Father's Day is a good time to teach young children about what their father does and the important role he plays in the family. Especially for young children, mothers are often a child's focal point, and Father's Day can be a beginning point of a lifetime of appreciation and admiration.
Fathering 4-year-old Emily is a proud role for Oneonta dad Brad Zeh, who also has a younger son. Zeh and his wife are both educators. As a 4-year-old's father, Zeh talked about his concerns in this coming year as Emily moves to a new school to attend kindergarten. She will need to get use to a different building and teacher, and she will also need to make new friends. This transition will be hard for him as a father, he said, and Zeh hopes it will all go very well for Emily.
The media plays a huge role in parental worries, and Zeh said that when one hears or reads about a lot of unpleasant things relating to children that go on, one will worry. Zeh said he and his wife hope that they are raising their children to make wise choices, be responsible, be accountable for what they do and keep talking with them.
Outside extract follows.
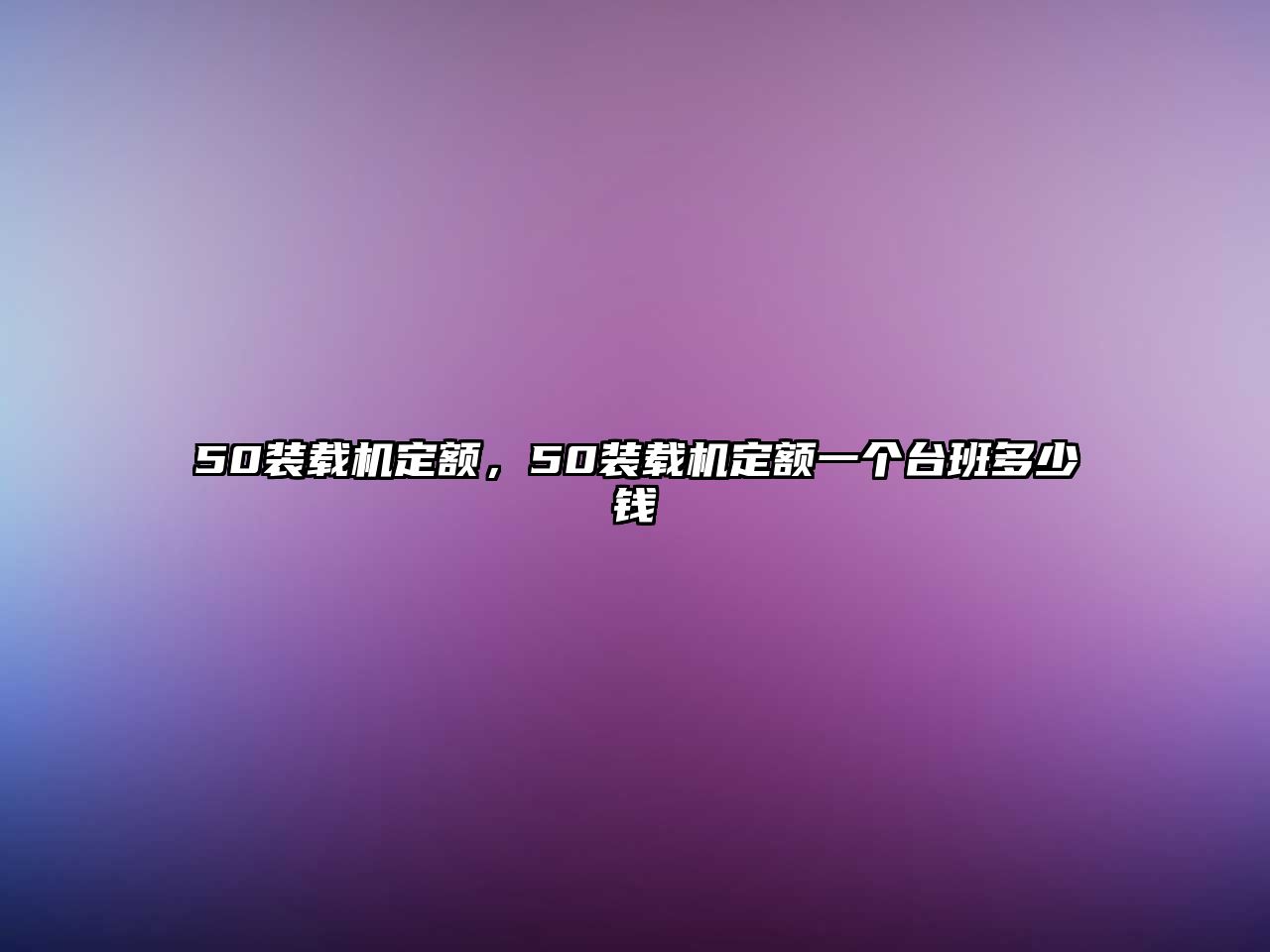 50裝載機(jī)定額，50裝載機(jī)定額一個(gè)臺(tái)班多少錢(qián)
Experiences of fathering a teen stand out in many people's minds as the difficult years _ dominated by driving and dating. A natural and healthy separation of dependence occurs that can be uncomfortable for father and daughter both. Clothing, curfews, scholastics, friends, phones and sports can all be part of a mix that can have conflicts. Those conflict points are also ways to allow the relationship to mature.
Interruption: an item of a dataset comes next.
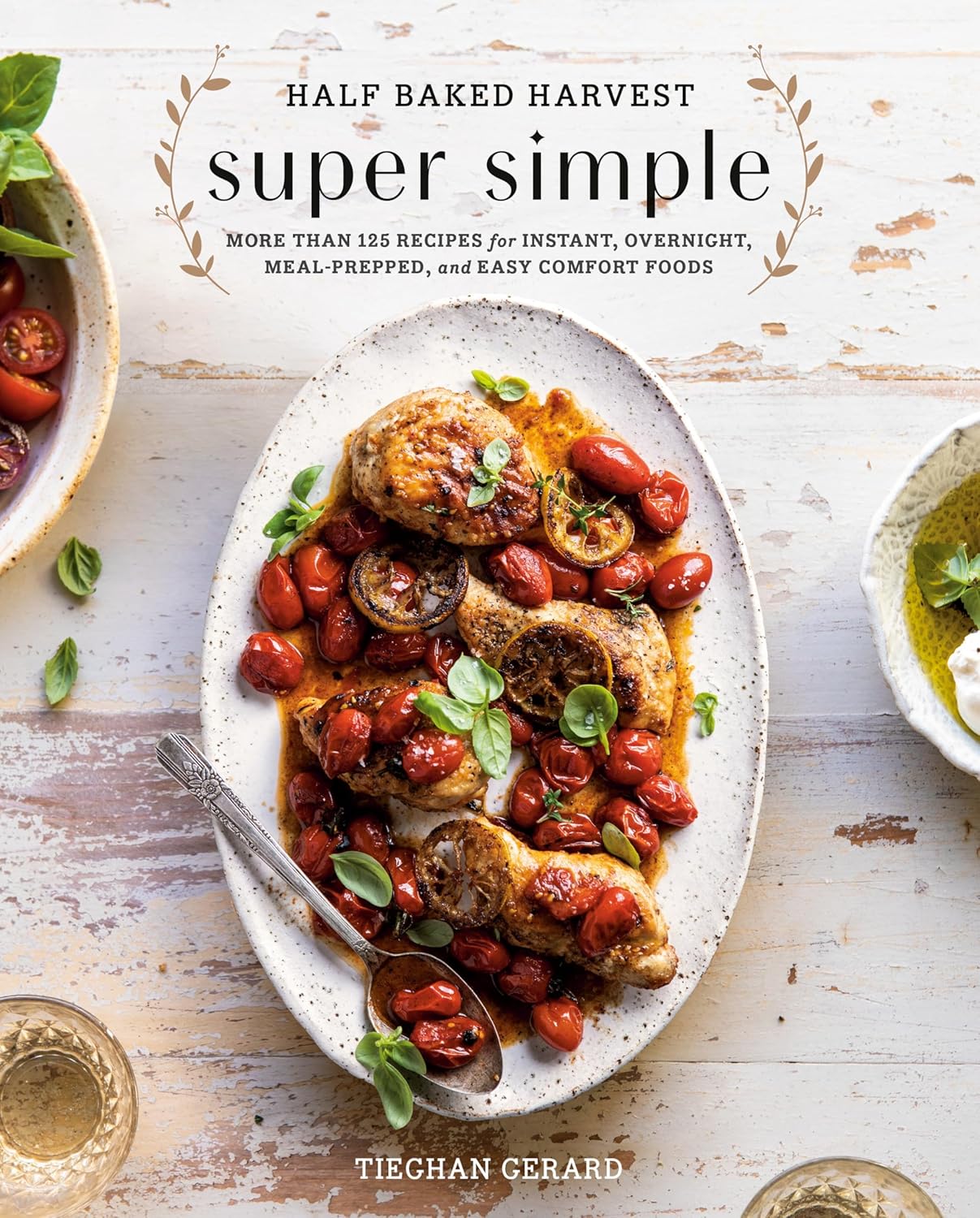 Half Baked Harvest Super Simple: More Than 125 Recipes for Instant, Overnight, Meal-Prepped, and Easy Comfort Foods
A father's inability to protect his daughter is pronounced in the teen years, but it is the time when daughters need a tremendous amount of fatherly support.
Oneonta resident and educator Mike Hamilton is a father of three girls and is clearly proud of all three, whose ages range from 15 to 22. Hamilton emphasized how different each of his girls is and that being a father of daughters is most likely not much different from being the father of sons.
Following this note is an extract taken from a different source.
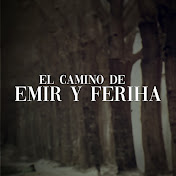 El Camino de Emir y Feriha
"My girls will each make the right choices," Hamilton stated with confidence. He said that one of the worries he has is: "Did they get what they needed from me?"
Hamilton's daughters will come to him for advice occasionally, and in varying degrees but typically they will talk to him more about school, money issues and future plans, he said.
As with many parents, there is always a hope that his children will come to him for advice and conversation more often. An important focus for Hamilton, he said, is to work at keeping conversations going, to make it a priority.
The father who prompted Father's Day to be a nationally recognized day around 1909 was a man who raised a large family singlehandedly in a remote area after his wife died in childbirth. He, like many fathers, was willing to do whatever it took to set an example and do well.
The bond of a father with an adult daughter reflects the test of time on relationships and offers opportunities for change. Seeing eye-to-eye, a shift of dependence and the importance of sharing life's wisdom can be appreciated. Walter Gladstone of Andes has a great deal of wisdom that has come from a life full of experiences.
Gladstone's rich stories and his energetic outlook have all been shaped by his role as father, raising a son and two daughters on a dairy farm in Andes alongside his wife.
Of the many pieces of advice that Gladstone has heard over the years about raising children, one sentence that he has remembered with absolute clarity is: "When a child is ready to talk, be ready to listen."
The wise words are suitable for a father with children who are just learning to talk and those who have gray hair and have adult children of their own. Gladstone said he got lucky with his children, he said, noting that they all hold their heads high and contribute to the communities they in which they live.
As someone with the ability to accept that everyone makes mistakes, Gladstone explained that the person who has never made a mistake is a person who has never done anything. Gladstone has done plenty, he said, and continues to do so, still setting an example for his son and daughters, grandchildren and anyone who comes in contact with him.
Those dads all had a recurring theme of communication, regardless of whether they are father of an infant, toddler, teen or middle-aged woman. Each emphasized that keeping a line of talk open and available bridges the generations between fathers and daughters, no matter their ages.